Family: Husband Thomas Waltman is clinical service chief/medical director of Perlman Cardiology at UC San Diego Medical Center; two sons, Devin, 13, and Daniel, 11.
Education: Bachelor of Science in electrical engineering from Cal State Fullerton; Master of Science in electrical engineering from UCSD.
BUSINESS PHILOSOPHY
Essential business philosophy: Growth is not a strategy; it is the result of a good strategy well executed.
Best way to keep a competitive edge: Create value for customers by observing how people do things, finding ways to help make their lives easier, integrating that into their day-to-day life for better decision-making.
Guiding principles: It’s all about the people, whether you’re providing a service, creating a technology or manufacturing a product. You have to know which factors are the intrinsic motivators and which are the extrinsic motivators or hygiene factors.
Yardstick of success: Measure my success in life by the good that comes out of what we create , for our people, for our customers, for the industry.
Goals yet to be achieved: Introduce the next generation of technology and mobile applications productivity advancements for the enterprise.
JUDGMENT CALLS
Best business decision: The decision to drive and focus on the customer experience as a top priority.
Worst business decision: Going along with an acquisition without enough information to know how tough it would be to integrate into our product environment.
Toughest business decision: Having to close down a part of the business when it no longer made sense to sustain it.
Biggest missed opportunity: Neglecting to sell Qualcomm stock at the peak.
Mentors: My parents, Raymond and Jane Tang, my husband, and Irwin Jacobs (Qualcomm’s founder).
Words that describe you: Passionate, driven, collaborative.
TRUE CONFESSIONS
Reason for getting into the high-tech business: It is an exciting industry, dynamic and growing.
What you like best about the high-tech business: Being able to transform someone’s lifestyle and/or business.
What you like least about the high-tech business: Speculative technology announcements can create confusion in the market when it comes to real value.
How the high-tech business has changed: It has gone from a more technology focus to a more person/business-centric model, including more options for customization and personalization.
Pet peeve: People who misuse their position to exert influence.
Most important lesson learned: Happiness is a state of mind; it is all about the journey.
Person most interested in meeting, living or dead: Benjamin Franklin.
Most-respected competitor: We give all our competition the respect they’ve earned from the marketplace, but our biggest competition is lack of adoption.
Three greatest passions: Improving the quality of life through technology, employee development, leadership.
First choice for a new career: Executive coaching.
PREDILECTIONS
I’m currently reading: “The Paradox of Excellence: How Great Performance Can Kill Your Business,” by Dave Mosby and Michael Weissman.
Favorite quote: “A leader is most effective when people barely know he exists.
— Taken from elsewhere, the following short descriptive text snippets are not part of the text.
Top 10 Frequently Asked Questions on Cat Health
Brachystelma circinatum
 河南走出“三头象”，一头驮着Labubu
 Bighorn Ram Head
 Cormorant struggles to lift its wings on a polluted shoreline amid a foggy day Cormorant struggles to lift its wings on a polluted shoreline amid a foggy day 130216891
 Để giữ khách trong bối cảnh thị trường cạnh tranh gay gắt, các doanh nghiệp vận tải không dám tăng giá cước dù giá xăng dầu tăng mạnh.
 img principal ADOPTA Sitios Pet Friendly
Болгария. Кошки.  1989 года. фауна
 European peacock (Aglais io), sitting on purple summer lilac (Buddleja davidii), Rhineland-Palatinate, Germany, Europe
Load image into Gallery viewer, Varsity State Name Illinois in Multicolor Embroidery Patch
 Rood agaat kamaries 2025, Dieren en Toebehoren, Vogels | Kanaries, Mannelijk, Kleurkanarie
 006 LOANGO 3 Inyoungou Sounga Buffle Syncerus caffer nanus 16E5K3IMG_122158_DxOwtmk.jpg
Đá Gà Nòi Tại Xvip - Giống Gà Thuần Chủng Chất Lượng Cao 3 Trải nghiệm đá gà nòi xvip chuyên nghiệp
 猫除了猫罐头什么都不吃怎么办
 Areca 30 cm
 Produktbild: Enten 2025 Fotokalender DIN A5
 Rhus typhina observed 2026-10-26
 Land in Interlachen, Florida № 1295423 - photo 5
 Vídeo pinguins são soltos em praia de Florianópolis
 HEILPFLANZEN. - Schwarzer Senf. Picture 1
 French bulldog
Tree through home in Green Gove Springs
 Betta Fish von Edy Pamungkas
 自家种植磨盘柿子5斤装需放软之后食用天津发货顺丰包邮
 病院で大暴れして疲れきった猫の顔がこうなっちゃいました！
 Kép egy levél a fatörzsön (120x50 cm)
When his work is done, his aim fulfilled, his troops will feel they did it themselves” , Lau Tzu, sixth century B.C. Chinese philosopher, founder of Taoism.
Favorite cause: Learning and development.
Most influential book: “Good to Great,” by Jim Collins.
Favorite status symbol: Working for Qualcomm.
Favorite movie: “Forrest Gump,” because he always chose to make the best of every circumstance, to have a positive attitude, and to do the right thing.
Favorite restaurant: George’s at the Cove.
Favorite place for business meetings: The Estancia, La Jolla and the Marriott, Del Mar.
Favorite vacation spot: Hawaii , Maui, Oahu, Kauai.
Favorite automobile: Lexus G430.
Favorite place to go in San Diego: La Jolla Cove.